Task to carry out: From first line to last, transcribe the listing exactly and skip any image.

Source data:
╭──

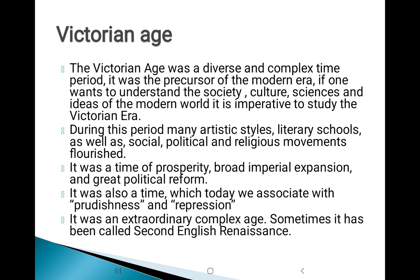It was a time of prosperity, broad imperial expansion, and great political reform. It was also a time we associate with prudishness and repression. Every age has two sides — one may look very prominent but there is a darker aspect also. The Victorian Age is associated with both prodigious achievement and repression. It was an extraordinarily complex age; sometimes it has been called a 'second English Renaissance.'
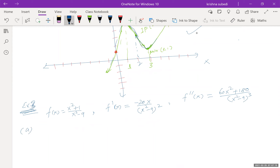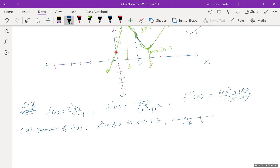In Part A, the domain of f of x: since x squared minus 9 cannot equal zero, x cannot equal plus or minus 3. So the domain is negative infinity to negative 3, union negative 3 to 3, union 3 to infinity.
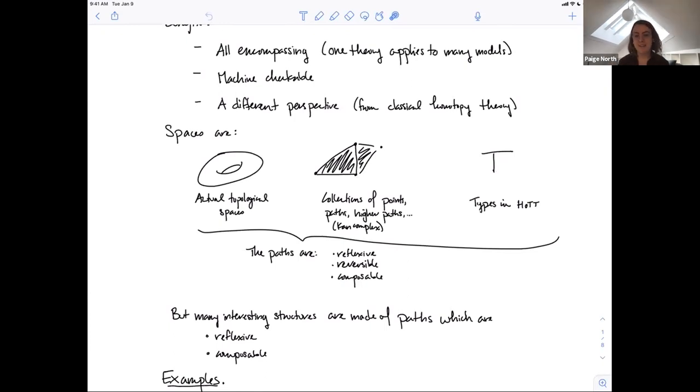There are many interesting structures very similar to this but where the paths we consider are just reflexive and composable, but not necessarily reversible. This is where directed homotopy theory arises.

╰──

Exercise result:
It was a time of prosperity, broad imperial expansion, and great political reform. It was also a time we associate with prudishness and repression. Every age has two sides — one may look very prominent but there is a darker aspect also. The Victorian Age is associated with both prodigious achievement and repression. It was an extraordinarily complex age; sometimes it has been called a 'second English Renaissance.'
In Part A, the domain of f of x: since x squared minus 9 cannot equal zero, x cannot equal plus or minus 3. So the domain is negative infinity to negative 3, union negative 3 to 3, union 3 to infinity.
There are many interesting structures very similar to this but where the paths we consider are just reflexive and composable, but not necessarily reversible. This is where directed homotopy theory arises.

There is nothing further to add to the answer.